Albert Camus

Albert Camus would have been 100 years old today. 

What I remember: Reading The Stranger at Sixth Form. Hating the sterile Everyman edition I found at the school library. Loving the equally austere but slightly more stylish silver-grey Penguin edition, with the footsteps in the sand.

He was a softer version of Nietzsche, to me. Nietzsche pummeled me. Camus let me in. I could see his philosophy working, somehow: absurdism felt both sexier and more managable than nihilism – or raging anti-nihlism… guess it depends who you ask. 

It’s his short stories that remain etched in my memory. I’ll never re-read The Myth of Sisyphus. I doubt I’ll ever re-read The Stranger or The Plague either. But The Exile and the Kingdom felt friendlier… more humane than anything I’d ever encountered from his oeuvre. The sweeping intellectual make-up of ‘Sisyphus’ and The Plague; the blunt, macho minimalism of The Stranger… there’s none of that in The Exile and the Kingdom. 

The fact that someone so intellectually flinty and sharp could allow themselves sentimentality to seep through; the fact that he showed himself to be artistic, to be open to occasional, experimental bouts of emotion in prose… 

It was to be the last time I engaged with Camus, but it felt like a good way to round off the relationship. (Of course I could still get into his writing again, of course I could dip into the books every now and then and still derive pleasure for them. But what I mean is that the ‘phase’, the fevered season of devouring them wholesale, was gone.)

Feeling the pull away from the core of his work, I moved on to Camus but took some of the absurd with me. I’d like to think it’s still with me, anyway.

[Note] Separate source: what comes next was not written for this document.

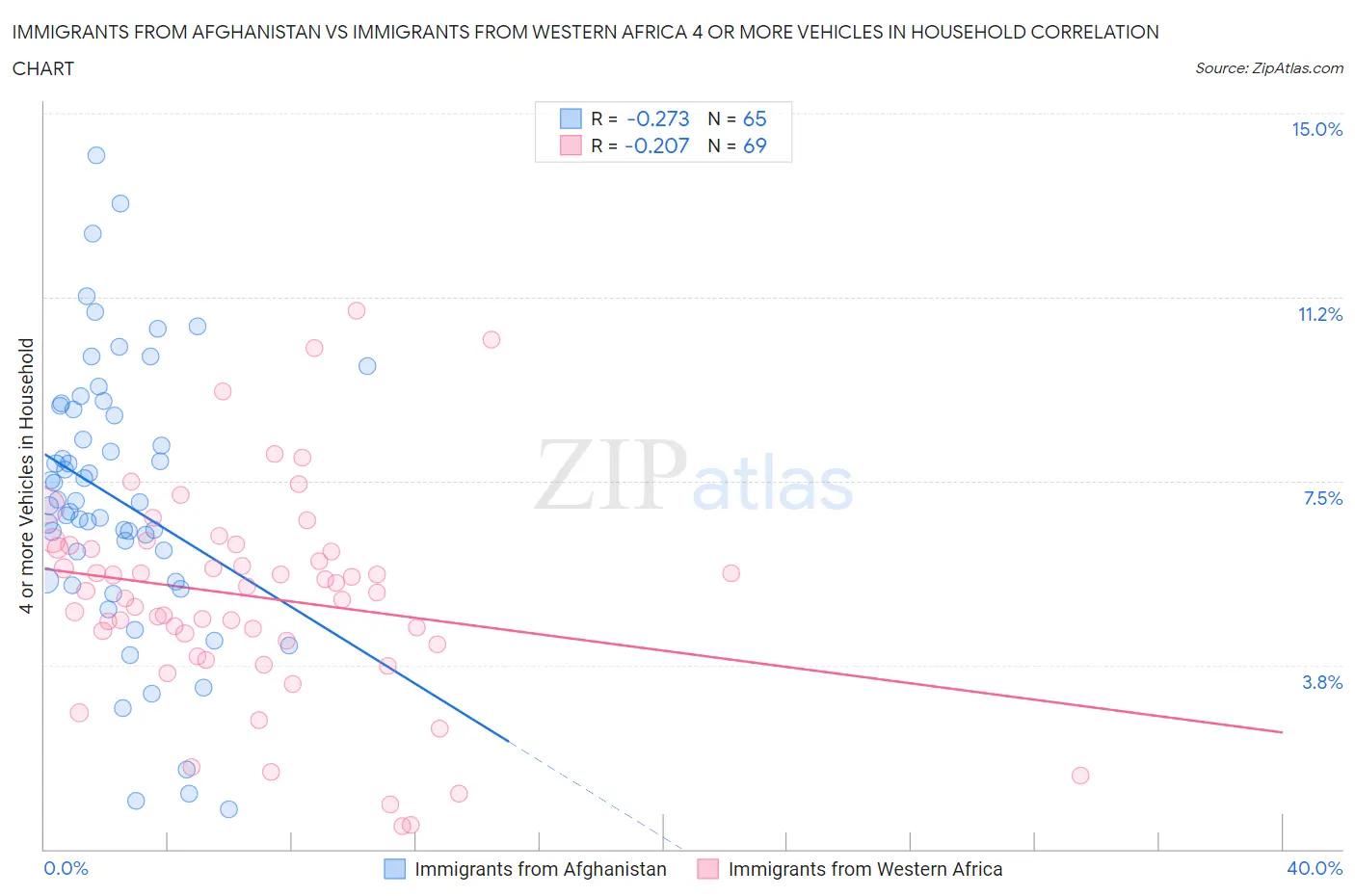 Immigrants from Afghanistan vs Immigrants from Western Africa 4 or more Vehicles in Household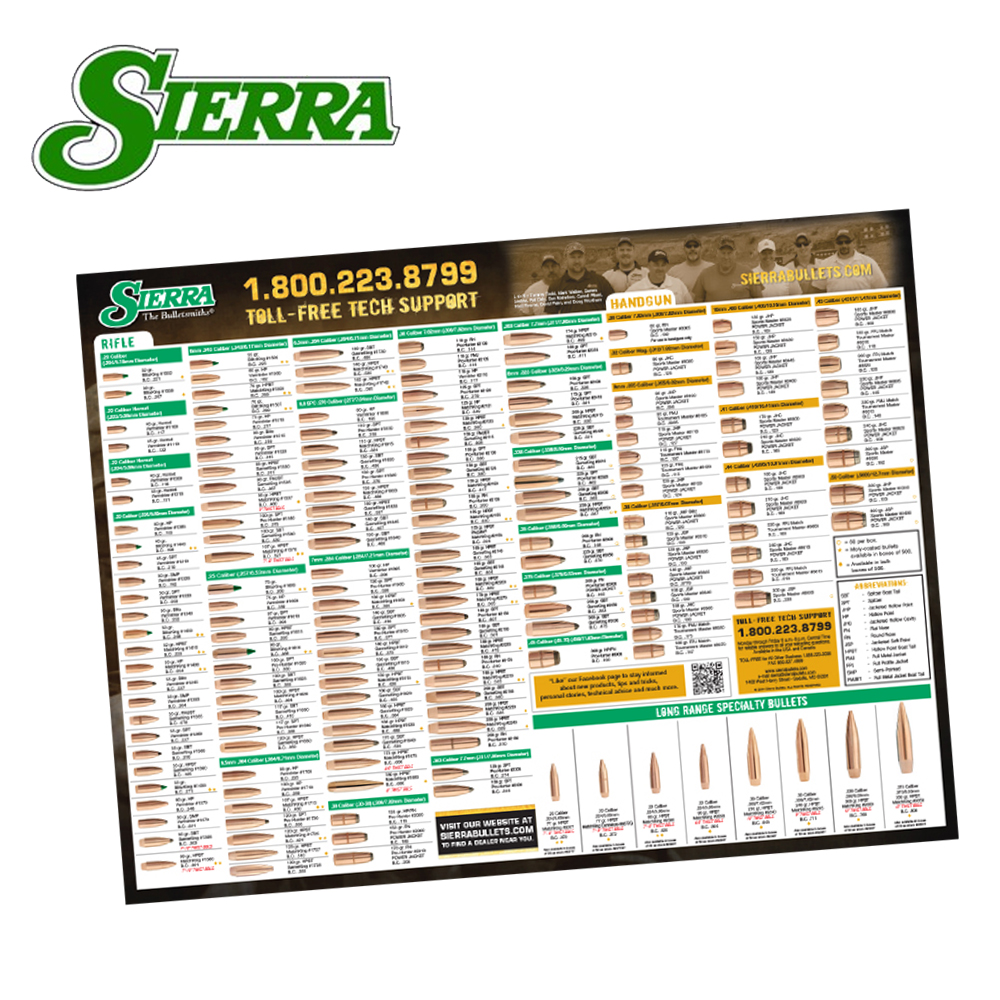Buy Sierra Counter Mat Each Online. Only £11.48 The Sportsman Gun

The scepticism of any definite moral or philosophical impositions. The framing of human endeavour against something ultimately unpredictable, but not necessarily malevolent or cold. Acknowledging our passion as something fiery and real and justified in every way, even if we’re not sure where it all comes from, and where it’s all going… 

This could all just be projecting. My memory of Camus’ work and its implications could be faulty (and, of course, it could be that I never quite grasped if fully in the first place). But that’s what I remember when I think back on it. 

A solitary figure – alone but not lonely. The world spinning on regardless, and you jumping on the carousel.